21. YY’da – bu teknoloji çağında – ülkemizin eğitim ve bilim ile bir yerlere gelmesi gerekirken – eğitim ve bilim konuşmamız gerekirken – hala daha yok “Sakız Orucu bozar mı?”, yok “Başörtüsü üzerine gözlük takmak caiz mi?”, yok “Annemin dizinden tahrik oluyorum.”, yok “Dondurma yiyenden Ahiret’te davacı olacağım.”, yok “5-6 yaşlarındaki kızlarla evlenilebilir.” gibi saçma sapan ve çağdışı söylemlerle saniyelerimizi boş yere harcamak istemiyoruz… Eğitimin, bilimin, sanatın örselendiği; cahilliğin ve yobazlığın övüldüğü bir toplumda biz sadece boğuluyoruz!

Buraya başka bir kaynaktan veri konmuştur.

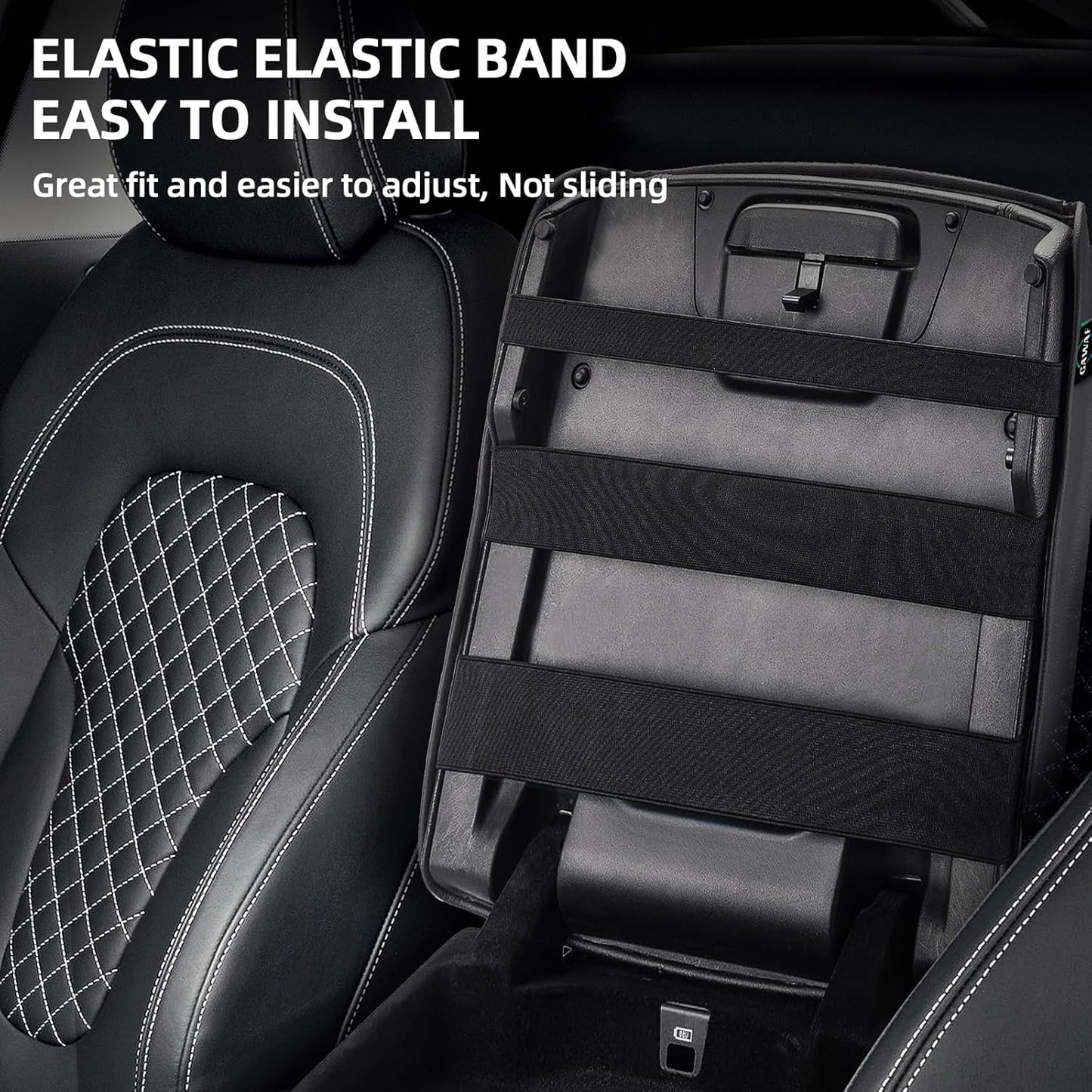 Center Console Cover Compatible with 2009-2025 Ram, Leather Arm Rest Armrest Cover for Car, Middle Console Cover, Full Protection Armrest Cover Lid Pad Cushion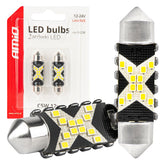 LED CANBUS C5W Festoon bulbs, 41 mm, with 12 SMD LEDs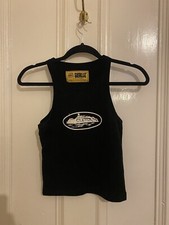 Cortiez Women’s Black Tank Top Size 10/12 With Alcatraz Logo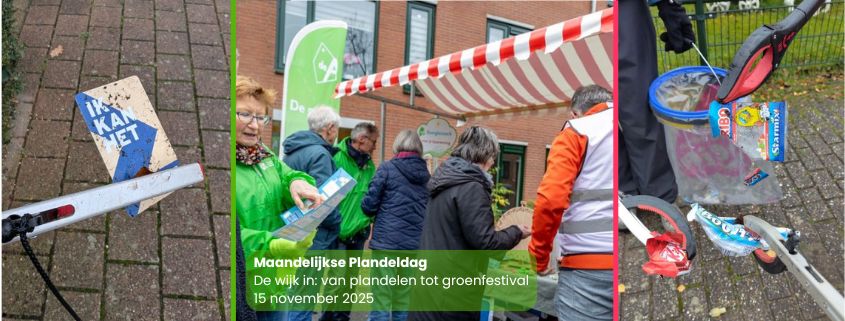 De wijk in van plandelen tot groenfestival in Apeldoorn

Bizim gibi giden, daha önceden gitmiş ve gitme planları yapan bir çok insan var… Kimse demiyor ki; “Bu gençler neden gidiyor?”, “Bu ülkenin, bu gençlere ihtiyacı var!” diye… Şuan kimse fark etmese de veya umursamasa da umarım, bazı şeylerin kıymeti çok geç olmadan anlaşılır…

İleride doğacak çocuğumuza bırakacağımız en güzel hediye, kütüphanem ve O’nun için hazırladığımız bir gelecek olacak… Annem ve babamdan başka geriye dönüp bakmamı gerektiren bir sebebim yok en azından… Yukarıda saydığım sebeplere göz yumarak, sayısız anormalliklerle yozlaştırdığınız bu toplumda mutluluklar dilerim size! Güle güle!!!